Il lui a fallu beaucoup de temps pour donner du tonus à une équipe peu soudée.
Verhofstadt III ? C'est sans doute la moins plausible de toutes les hypothèses.

"Le gouvernement des occasions manquées"

Pour le chef du groupe CD & V à la Chambre, le gouvernement de Guy Verhofstadt avait tous les atouts en mains pour bien travailler.Mais il n'a pu saisir aucune des chances qui lui étaient offertes.

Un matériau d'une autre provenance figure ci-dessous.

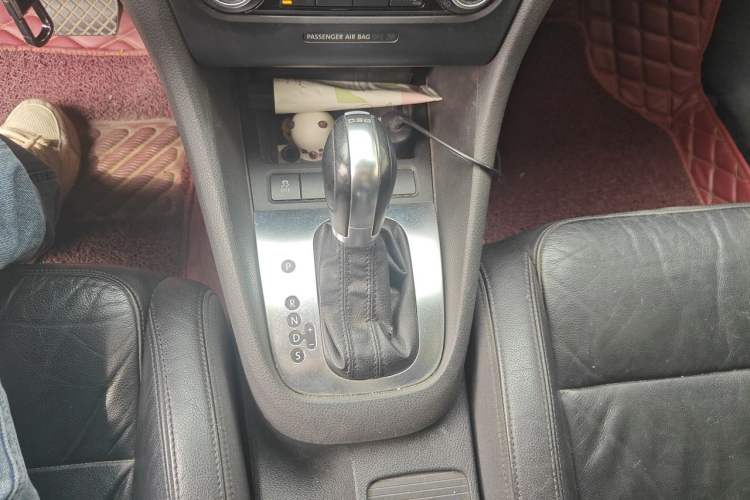 Used Volkswagen Golf 2011 1.4 TSI Luxury Touring Edition Gear Lever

Pieter De Crem, quel bilan global faites-vous des 4 années de gouvernement violet ?
En 2003, avec pratiquement une majorité des deux tiers, c'était le gouvernement de tous les possibles. Au bout du compte, c'est devenu celui des occasions ratées. L'équipe précédente pouvait mettre la régularisation des demandeurs d'asile ou une série de dossiers bioéthiques à son actif mais Verhofstadt II n'a rien accompli d'équivalent. Il y a eu les tensions internes au sein du VLD, puis le départ des deux poids lourds du SP.A (Frank Vandenbroucke et Johan Vande Lanotte), la saga BHV, et finalement une série d'incidents autour de la justice et des prisons. Résultat : on n'a pas profité de la conjoncture économique particulièrement favorable pour réformer substantiellement le tissu économique.
La majorité rétorque qu'elle a créé les 200 000 emplois promis et que le budget est en équilibre.
On a surtout transformé des emplois noirs et gris en emplois réguliers via le système des titres-services. Je ne nie pas l'utilité de ce système mais des véritables emplois dans le secteur privé, on n'en a pas créé plus de 50 000.
Je considère que c'est nettement insuffisant, et aussi beaucoup trop peu pour pouvoir les mettre au crédit d'une politique donnée. Pour le budget, on s'est contenté d'un équilibre, là où il aurait fallu un excédent, et on a utilisé toutes sortes de mesures non récurrentes.
Le meilleur et le pire de ce gouvernement ?
Le plus positif, c'est que Guy Verhofstadt soit revenu, après la terrible époque du tandem Michel-Flahaut, à une politique étrangère et européenne qui est celle que doit avoir un petit pays comme le nôtre : celle d'un partenaire loyal et fiable. La preuve, c'est que la Belgique siège pour deux ans au sein du Conseil de sécurité. Je considère que le pire a été la combinaison du droit de vote des immigrés et de la nouvelle loi sur les naturalisations. On a créé une machine électorale pour les socialistes qui a affaibli de manière considérable la position électorale du MR. Cela s'est vu lors des régionales en Wallonie, et aussi lors des communales à Bruxelles.